*WORK TASK*. Look below for the lines from the one with "A balcony featuring" to the one with "Close-up of pearl", and copy exactly those lines, both ends included.

*EXCERPTED RECORDS*.
BEGIN
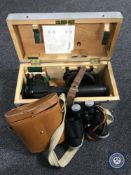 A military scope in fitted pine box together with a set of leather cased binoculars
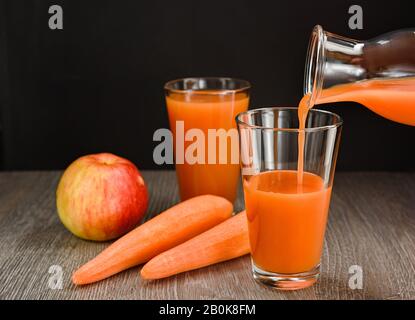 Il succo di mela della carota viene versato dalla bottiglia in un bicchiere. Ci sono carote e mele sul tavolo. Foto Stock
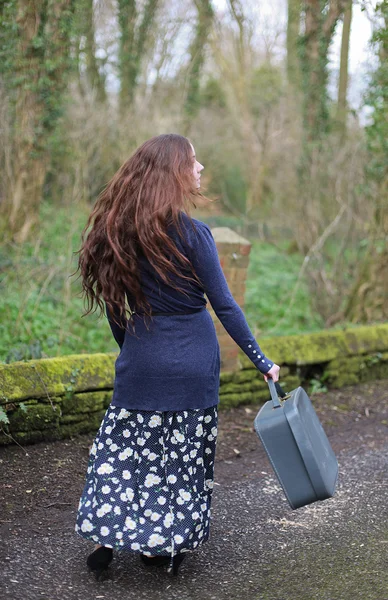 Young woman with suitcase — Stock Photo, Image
END
BEGIN
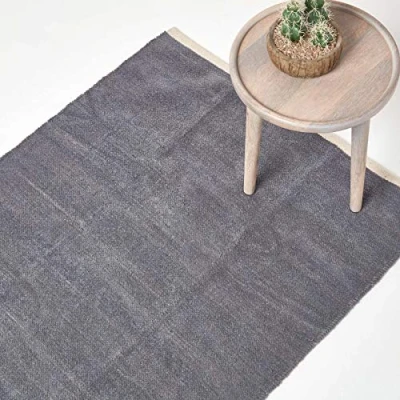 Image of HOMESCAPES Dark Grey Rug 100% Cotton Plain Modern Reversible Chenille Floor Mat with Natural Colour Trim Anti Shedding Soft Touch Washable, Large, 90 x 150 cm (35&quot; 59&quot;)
END
BEGIN
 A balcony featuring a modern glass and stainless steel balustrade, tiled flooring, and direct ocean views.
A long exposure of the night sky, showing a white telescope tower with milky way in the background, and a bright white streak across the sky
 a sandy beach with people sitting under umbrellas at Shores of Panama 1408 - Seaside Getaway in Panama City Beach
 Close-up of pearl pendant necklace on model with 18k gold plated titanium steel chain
END
*ANSWER TO THIS PROBLEM*.
 A balcony featuring a modern glass and stainless steel balustrade, tiled flooring, and direct ocean views.
A long exposure of the night sky, showing a white telescope tower with milky way in the background, and a bright white streak across the sky
 a sandy beach with people sitting under umbrellas at Shores of Panama 1408 - Seaside Getaway in Panama City Beach
 Close-up of pearl pendant necklace on model with 18k gold plated titanium steel chain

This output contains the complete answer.